■ What you will do: The result should be the lines from the one holding "Quinton Hazell QSK227S" to the end of the records below, repeated exactly. No pictures.

(Data extracted from a collection)
Content starts

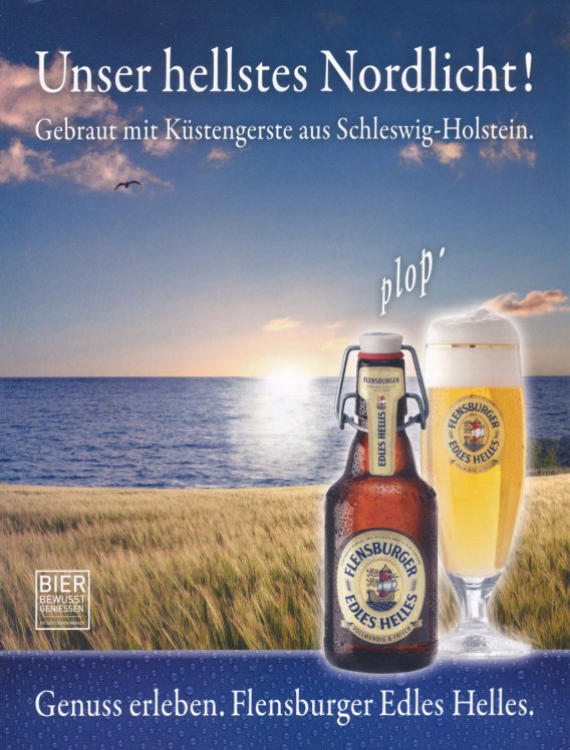 Bugelflaschenmuseum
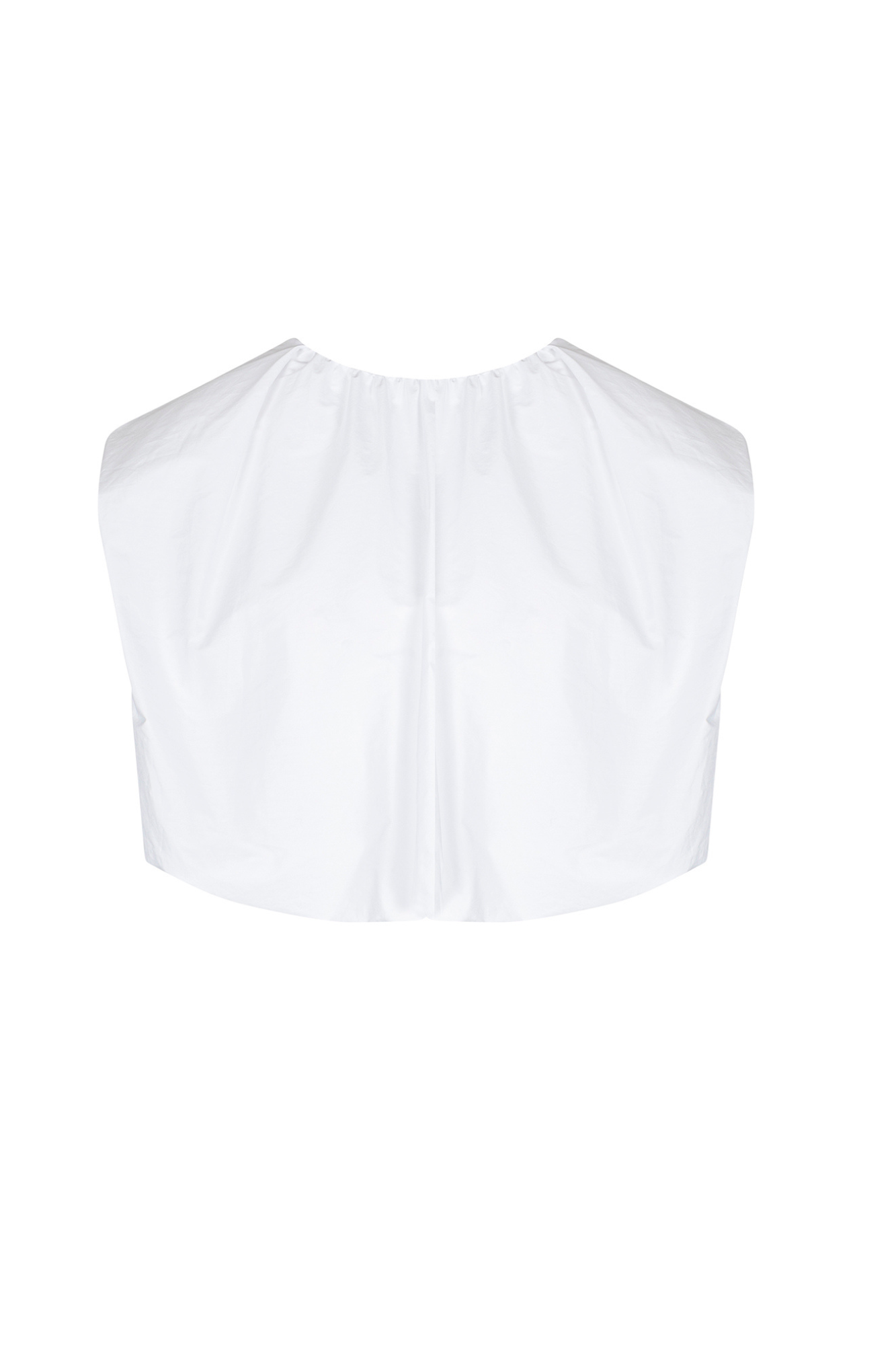 Tela - Top - 450498 -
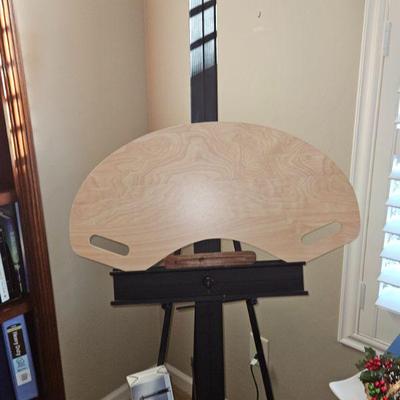 Art Easel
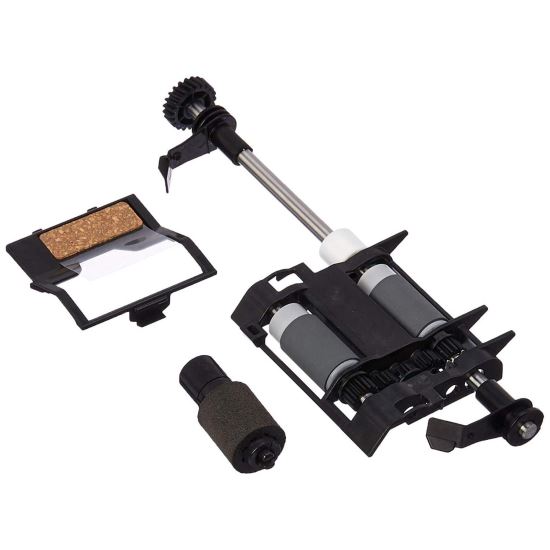 Xerox kit mentenanta pentru VersaLink B600, B610, B605, B615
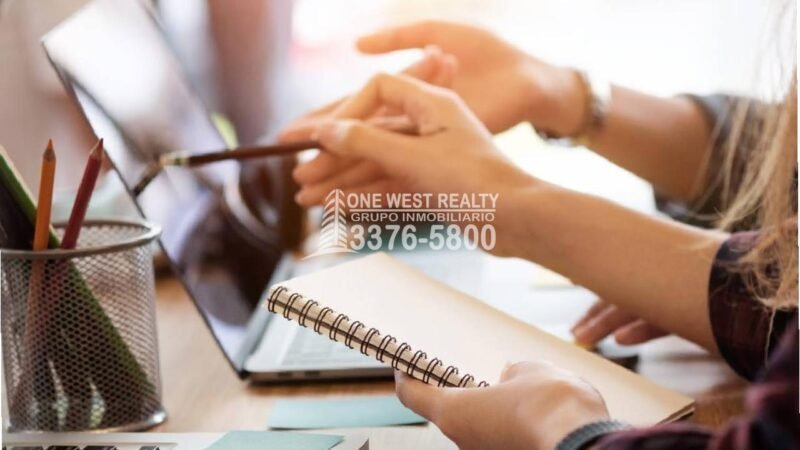 Programa de Becas Solidarias a 15,000 Jóvenes Hondureños 1westrealty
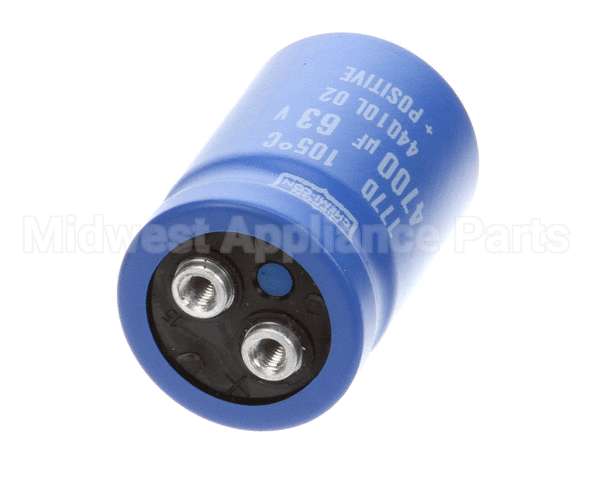 SK1427305 Cleveland Capacitor;4700Mf/63Vdc/ 165Deg
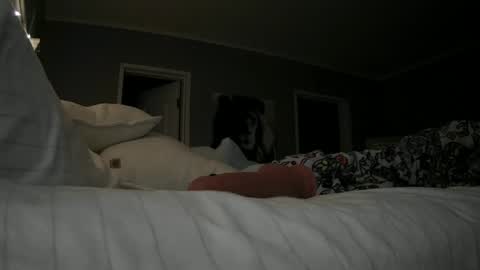 Snapshot of lucious_stace chatting on January 26, 10:46 pm lucious_stace online show from January 26, 10:46 pm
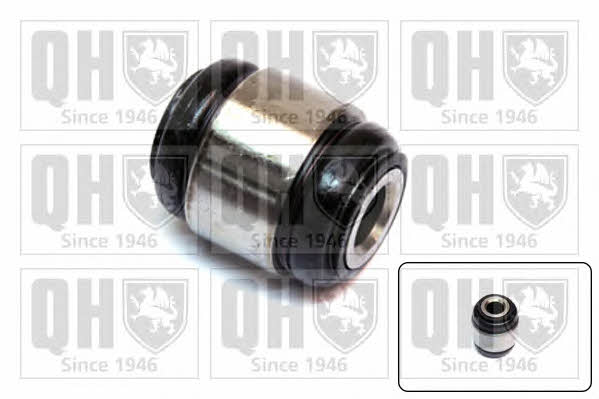 Quinton Hazell QSK227S Сайлентблок важеля підвіски QSK227S: Купити в Україні - Добра ціна на EXIST.UA!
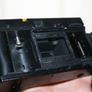 Zenit 35F Zenit Compact Camera Point and Shoot 35mm Russian Camera USSR Image 7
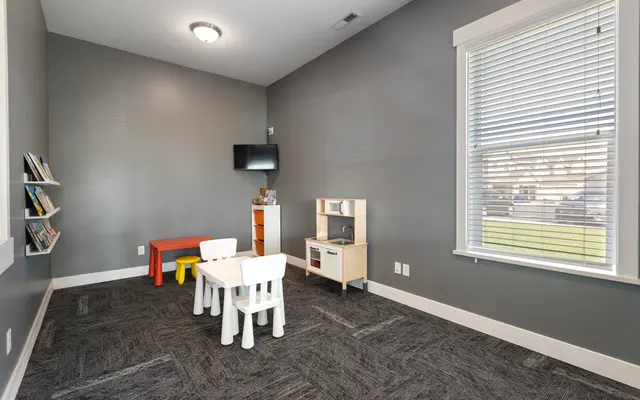 Porter Ranch Townhomes - Corner, Floor, Home Decor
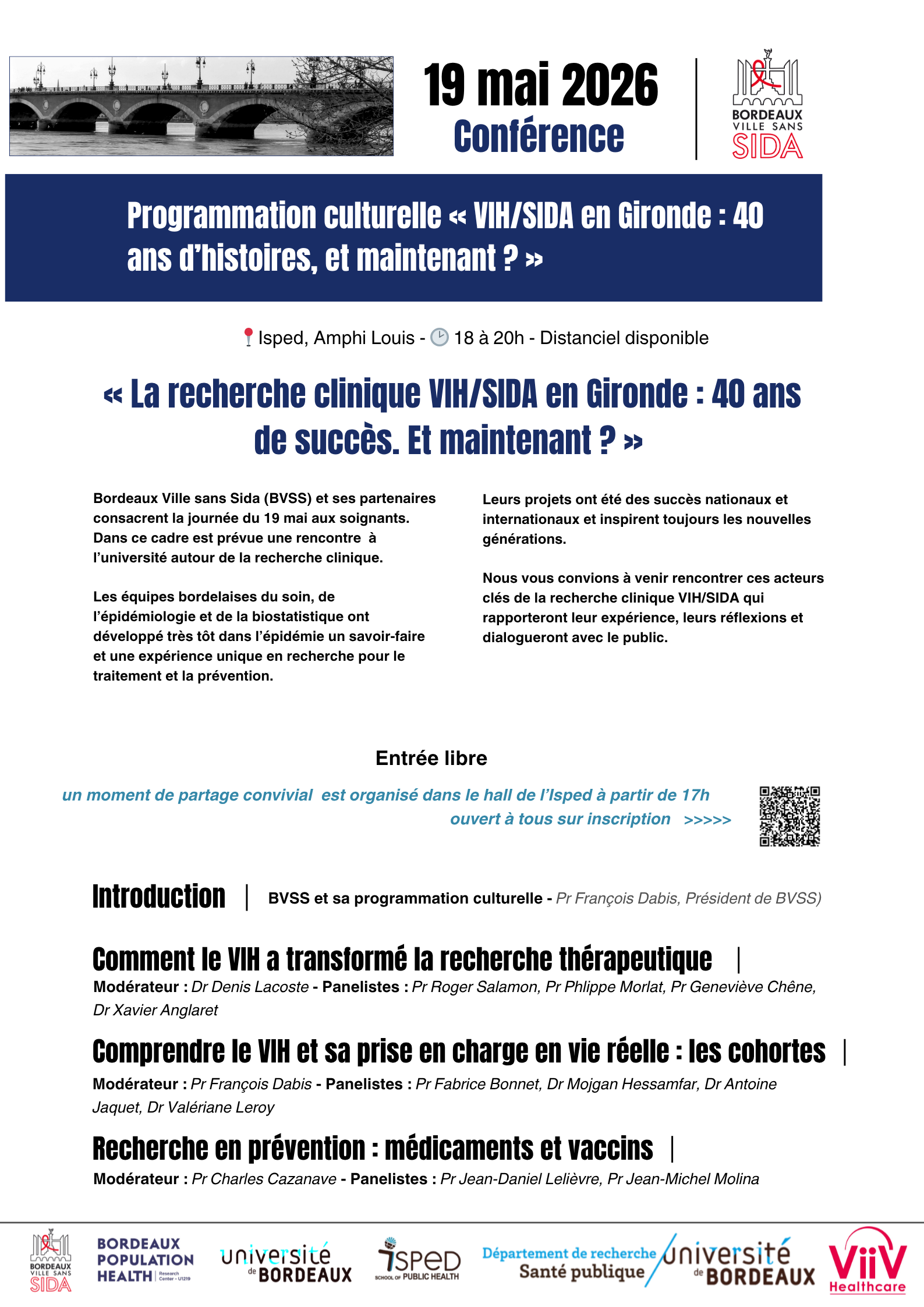 BVSS (1).png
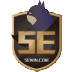 5E對戰(zhàn)平臺 v4.3 官方版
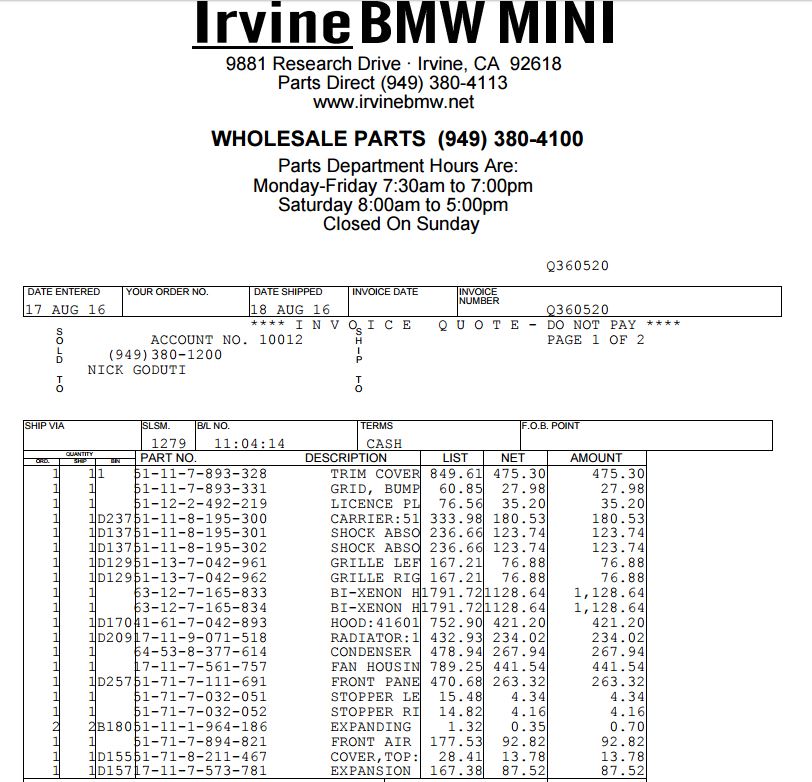 Name:  Parts List.JPG
Views: 649
Size:  140.7 KB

Content ends

■ Worked solution:
 Quinton Hazell QSK227S Сайлентблок важеля підвіски QSK227S: Купити в Україні - Добра ціна на EXIST.UA!
 Zenit 35F Zenit Compact Camera Point and Shoot 35mm Russian Camera USSR Image 7
 Porter Ranch Townhomes - Corner, Floor, Home Decor
 BVSS (1).png
 5E對戰(zhàn)平臺 v4.3 官方版
 Name:  Parts List.JPG
Views: 649
Size:  140.7 KB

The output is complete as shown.